At this stage the prototype was still meant as a study/mock model hence I decided to produce the second prototype using the same method as the first.

The resulting model is one that is significantly lighter compared to the first prototype, both visually and material-wise. At the time of this report’s writing, there is already considerable sagging and bending of some of the thinner members of the second prototype, causing the model’s shape to distort. I attribute this behaviour to moisture absorption of the grey strawboard. This presents a new set of realization to the tower’s design: thermal expansion of the steel tubes used to build the tower.

 3rd Prototype

The third prototype is the next step into the detail design of the crown structure. With this iteration of the design I intended to use the secondary structure on the crown (which supports the PV panels) as the tensioning members for the crown structure, reducing the use of the relatively heavier truss tubes structures. The joints between the truss tubes also become hardpoints for fixing on the secondary structure.

For this prototyping exercise I went ahead with using the Selective Laser Sintering 3D printing technique as offered in the EOS Formiga P100 3D Printer to produce the joints and then using 3mm thick bamboo skewers, cut to size as the truss tubes for this prototype model. They were secured together using hot glue.

Cast acrylic sheets were made into the secondary structures using the laser engravers and then glued onto the 3D-printed parts. I did not make the acrylic panels for the entire prototype due to prohibitive costs of the acrylic sheets.

I then put the prototype to the test: placing loads (a 20mm thick plywood measuring 200mmx400mm) on top of the crown and measuring the deflection. As I did that, the thin acrylic members meant to take the tension loads broke. The structure did hold, however, due to the intrinsic flexibility and bending resistance of the bamboo skewers. The deflection was measured at about -12mm in the Z-Axis (the peripheral members of the crown was pressed down).

 

 4th Prototype

The fourth and final prototype presents the final iteration of the design. Learning from the previous iteration, I realized there needs to be a stronger tension member for the crown, while keeping structural weight penalties down. I looked to the possibilities of employing high-tension cables such as those used in suspension bridges to take up this job.

 

The prototype model for this iteration remained largely the same, using the same 3D-printed parts with just the addition of small holes to fit a thin nylon string through. I used 0.45mm thick nylon fishing strings to simulate the action of the tension cables.

A similar test was done to this prototype, using the same load. The structure held and deflection was measured at approximately -8mm in the Z-Axis, indicating a slightly better performance.

 

The revised, thickened acrylic panels and secondary structures were then added onto the structure. There were some discrepancies between the laser-cut panels and the space allocated for the panels, likely due to mistakes and inaccuracies when cutting the bamboo skewers to size.

Conclusion

Rapid prototyping provided me with vital tactile and experiential feedback (as well as allowing me to experiment on the prototype models) where digital design is deficient in providing such information. The models aided me to gradually add-on details and systems and complexities to the model, helping me to advance faster in terms of detailed design for the crown and its components.

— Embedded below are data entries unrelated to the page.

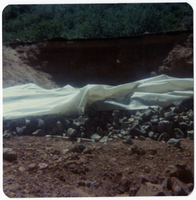 Rock pile covered with tarp during road work/repair in Kolob Canyon.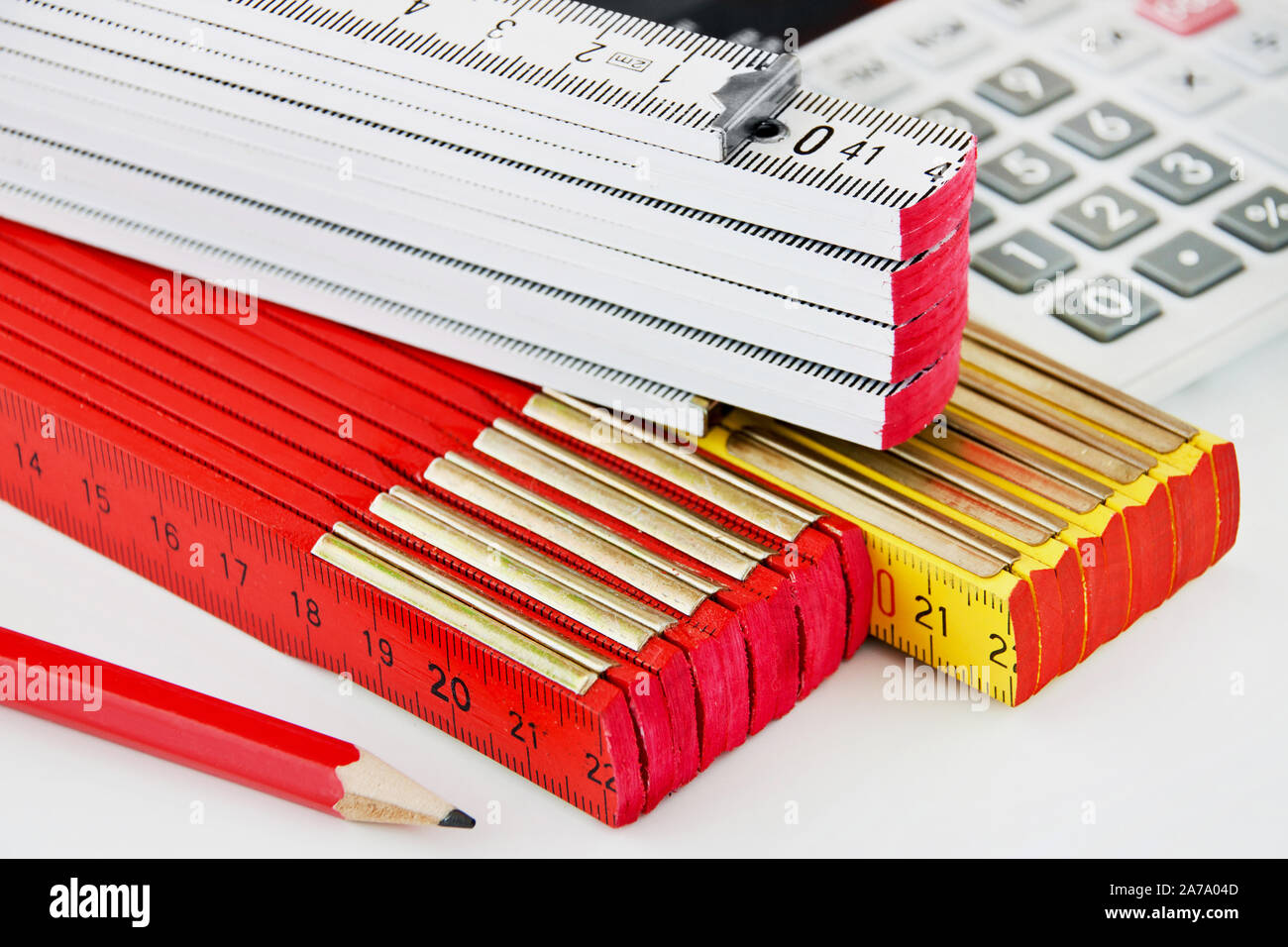 Various folding rules on white background Stock Photo Alamy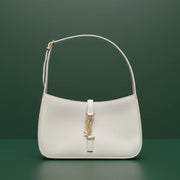 Saint Laurent Le 5 à 7 hobo shoulder bag in smooth leather with gold-tone YSL monogram and adjustable strap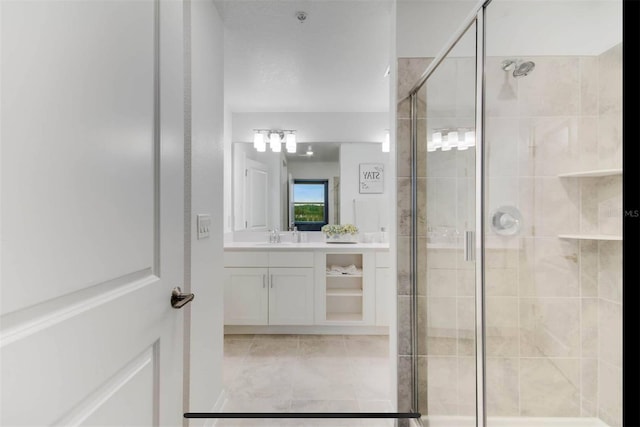 bathroom with vanity, a shower with shower door, and tile patterned flooring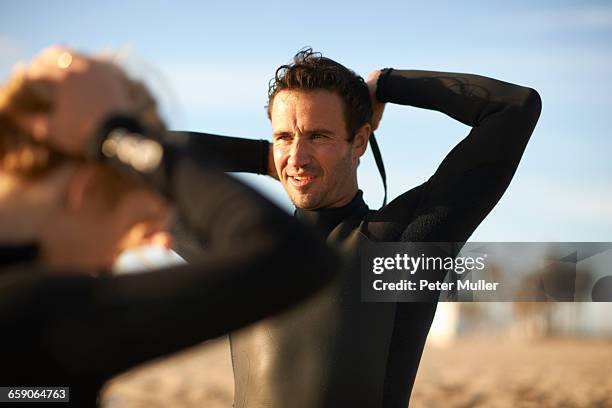 surfing couple zipping up wetsuits on venice beach, california, usa - wetsuit stock pictures, royalty-free photos & images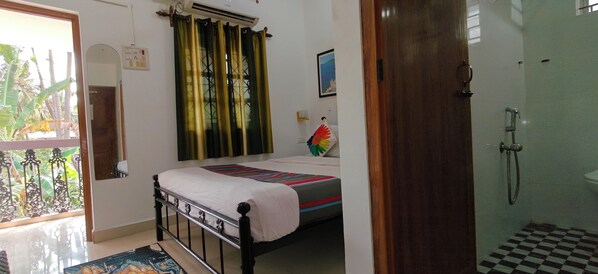 A bedroom with a bed, a shower, and a view of the outdoors. - Hilias Retreat (Canacona)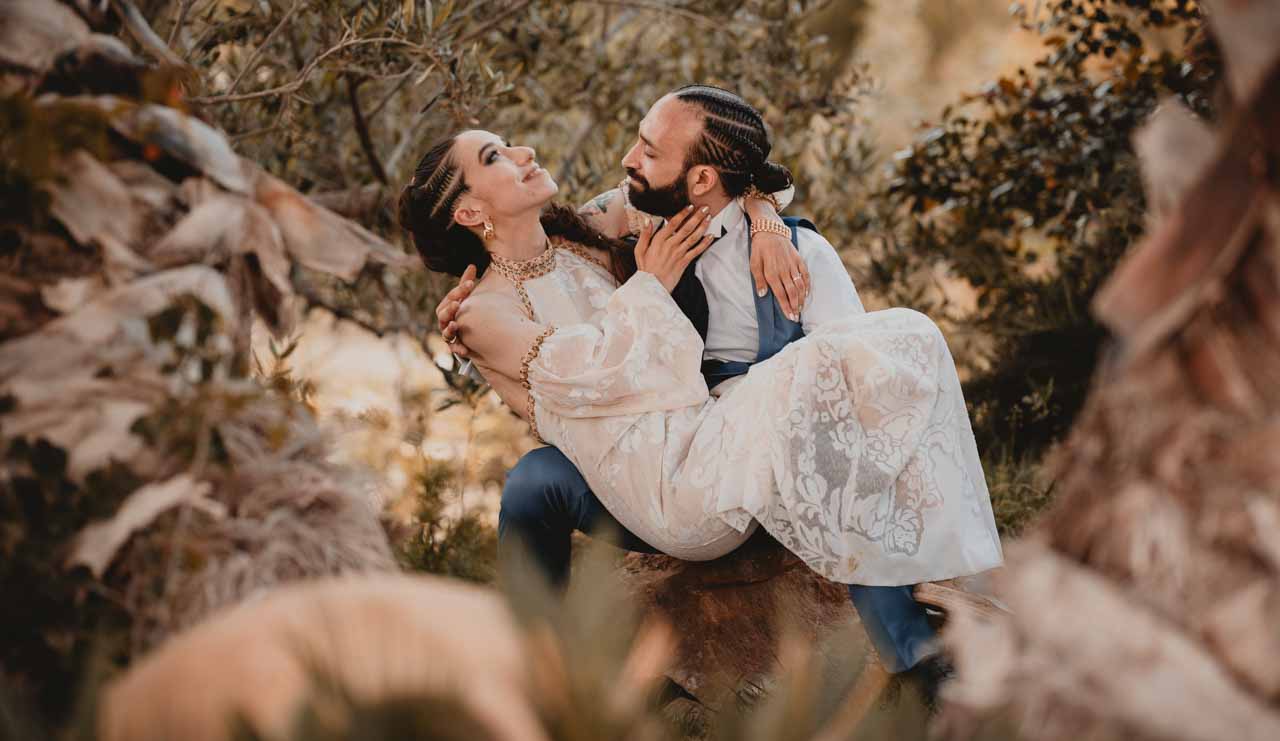 Sposa in braccio allo sposo seduti su un maso nel giardino del Baglio Santa Lucia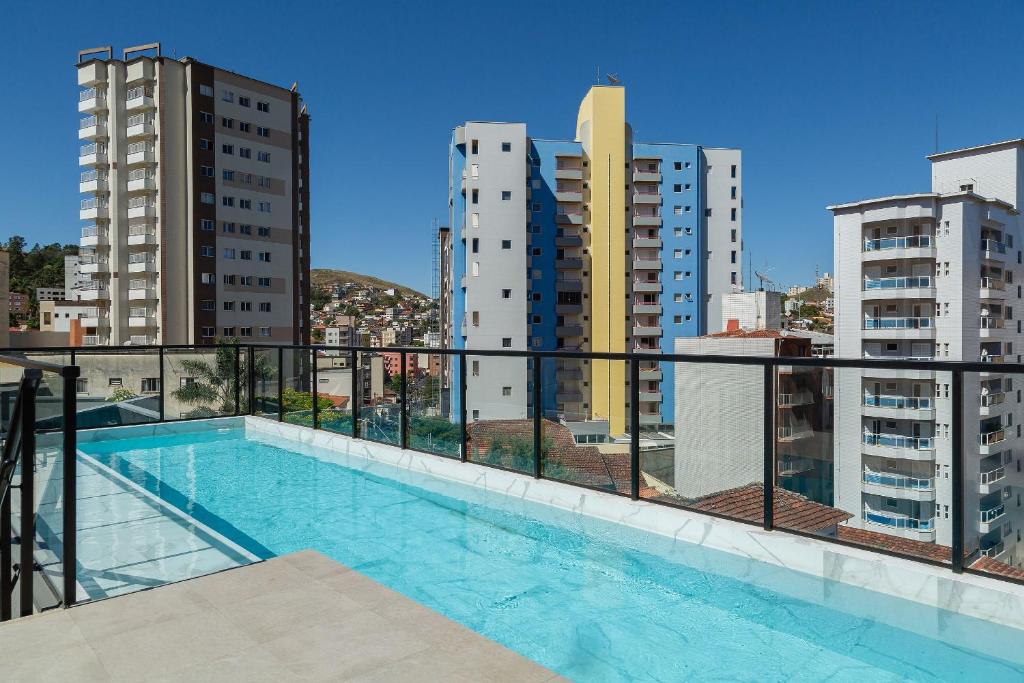 uma piscina numa varanda com edifícios em Lindo e aconchegante apto proximo ao centro PGO309 em Poços de Caldas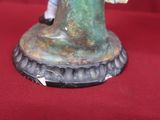 a figurine of a man riding a horse on a pedestal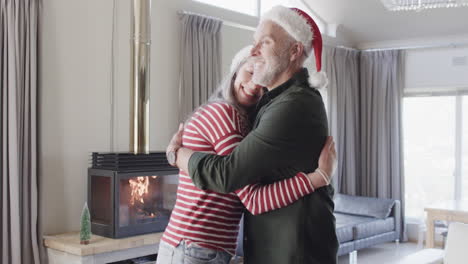 una pareja caucásica de mediana edad con sombreros de papá noel abrazándose en navidad en casa, en cámara lenta.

There is, however, still penalties when it comes to accuracy in spite of such high-tech machines – particularly due to human errors during assembly of the machine-produced parts. The machines are prone to inaccuracies of its own due to excessive use and some of its moving parts being heavily worn and becoming loose.

Despite all that, rapid prototyping techniques provided a way to quickly hold in my hands the object I designed and obtain from it valuable tactile feedback and even allowed me to conduct simple experiments on them, aiding along the design process.